Lord Nicholas Stern, whose work on the economics of climate change has helped reshape the global climate debate, also participated in the discussion.
“Climate change and global sustainability are urgent issues that require immediate action – they cannot be delayed by endless political wrangling,” Stern says. “All countries must play their part, and move away from unsustainable development and carbon-intensive energy production and consumption. Given the urgent challenge of overcoming world poverty, we must follow the Cancun principle of ‘equitable access to sustainable development’ which guided discussions in Durban.
Thus, given the disparities in wealth and resources in our world, it is clear that developed countries will have to take the lead in terms of finance, technology and investment.
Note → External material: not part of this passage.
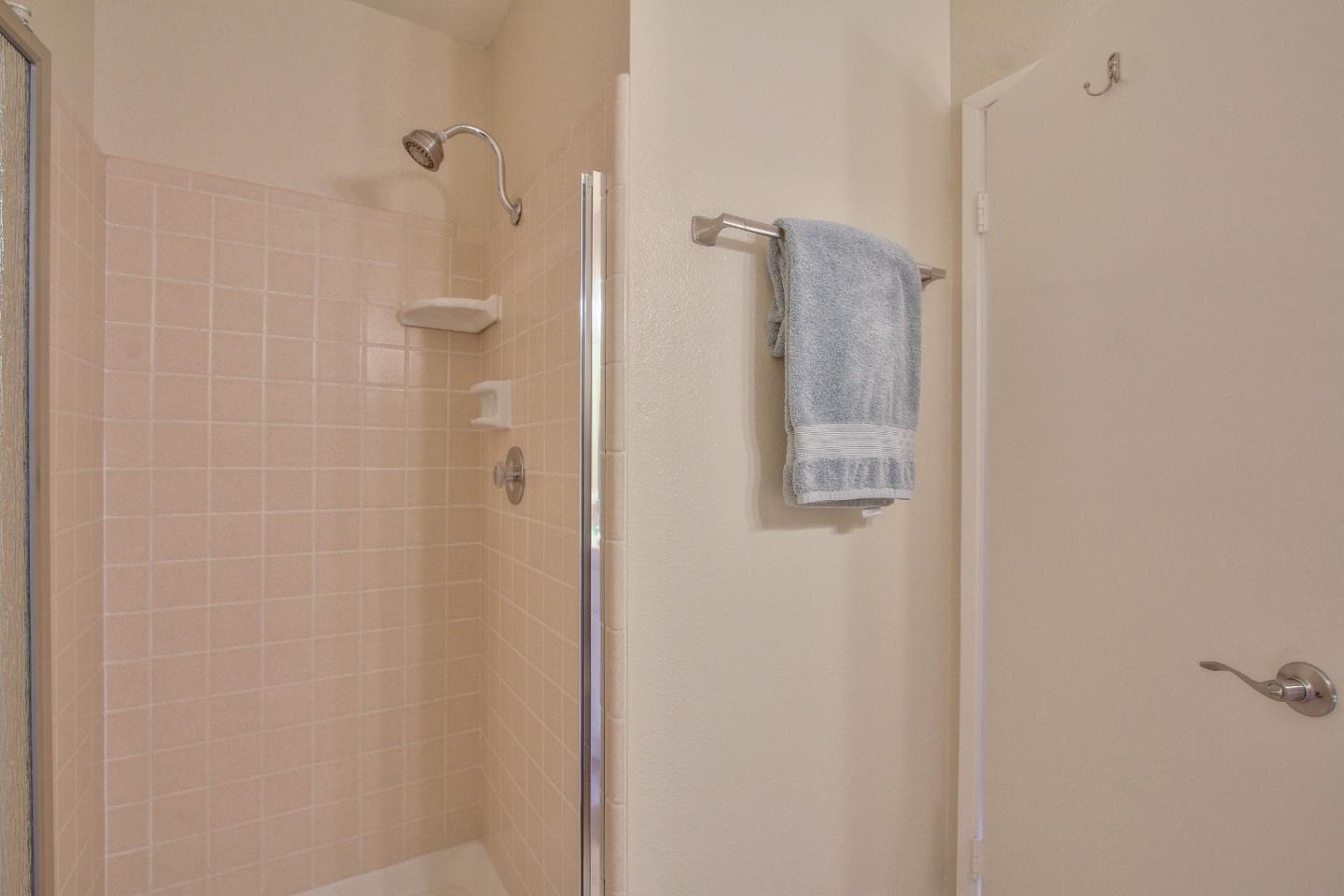 4000 Rio Road, Unit 26 Carmel, CA 93923 - Photo 21 of 27 a bathroom with a shower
It is only by finding our way to low-carbon growth and development that we can secure the future of our planet for all and overcome the challenge of world poverty.”
The goal of the High-level Dialogue and Adaptation Round Table, held in Durban on 6 December, was to position climate change negotiations within the broader agenda of sustainable development.
Along with those quoted above, participants included Rajendra Pachauri, Chair of the Intergovernmental Panel on Climate Change (IPCC); Connie Hedegaard, European Commissioner for Climate Action; Lena Ek, Sweden’s Minister for the Environment; Mohamed Gharib Bilal,Vice President of Tanzania; Peter Kent, Canada’s Minister of the Environment; and some of the best minds in climate science, sustainable development and policy. The event was supported by United Postcode Lotteries and Sekunjalo Development Foundation.
The Durban Vision Statement builds on ideas discussed at the 3rd Nobel Laureate Symposium on Global Sustainability, held in Stockholm in May and hosted by Johan Rockström, Executive Director of the Stockholm Environment Institute and the Stockholm Resilience Centre, and Hans Joachim Schellnhuber, Director of the Potsdam Institute for Climate Impact Research, who initiated the Nobel Laureate Symposium series.
The Symposium concluded with the signing of The Stockholm Memorandum by the Nobel Laureates, which was handed over in person to the High-level Panel on Global Sustainability appointed by the UN Secretary General, Co-Chaired by President Zuma.